2. Stop talking endlessly about vision (unless you have one). The truth is that the British political system corrodes vision. Consequently most UK politicians would not recognise one if it was gift-wrapped with ribbons and handed to them with a label marked ‘vision’. The mouthing of platitudes about vision simply widens the gap with the public.
3. Don’t be scared of responsible populism. Le Pen used to say he was winning because he was leading the only non-technocratic political party in Europe. What I believe he meant was that there is a quite terrifying blindness that mainstream politicians have to the miserable failings of vast institutions and bureaucracies – including of course the European Union. If UKIP is the only party that is able to point out these failings, and point out the way we are trussed up and abused by bureaucracies – public and private – and constantly taken for a ride by the overpaid scoundrels who run them, then it is hardly surprising they do well.
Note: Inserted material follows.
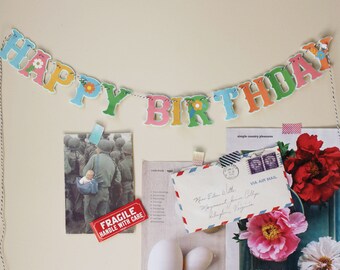 May include: A colorful Happy Birthday banner with a string of letters and flowers. The banner is hanging on a wall with other decorations, including a postcard, a letter, and a photo.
Populism isn’t just about hate, unless you let the big haters get a clear run at the truth.
The political establishment has a horror of populism, which they regard as invariably racist and proto-fascist. It is one of the legacies of the Second World War, and the besetting sin of Fabianism – the worship of big bureaucracies for the good of the many.
The political projects known as Red Tories (aka ResPublica) and Blue Labour were both remarkably similar approaches to populism, recognising the vital importance of people to making anything work – versus big organisations, big corporations, big bureaucracies and technocracy in its many corrosive forms.
And let’s face it, the Lib Dems are not immune to the Fabian Fallacy themselves. They are prepared to turn a blind eye to the damage done by economic forces, or by huge bureaucracies – as long as their objectives are correct. As long as they tackle the euro crisis. As long as they pay down Greek debt. As if it doesn’t matter too much if a thousand people die unnecessarily on the wards as long as the integrity of the NHS is preserved.
If we really want to tackle UKIP, our very own Tea Party, then we need to borrow a little populism ourselves. What we need is a parallel Lib Dem movement, let’s call it Purple Liberals – or better still, let’s call it community politics – where we can genuinely start from where people are.
Not The People, a tyrannical concept if ever there was one. But people. Don’t let’s leave it to Farage or Grillo to occasionally tell it fearlessly how it is.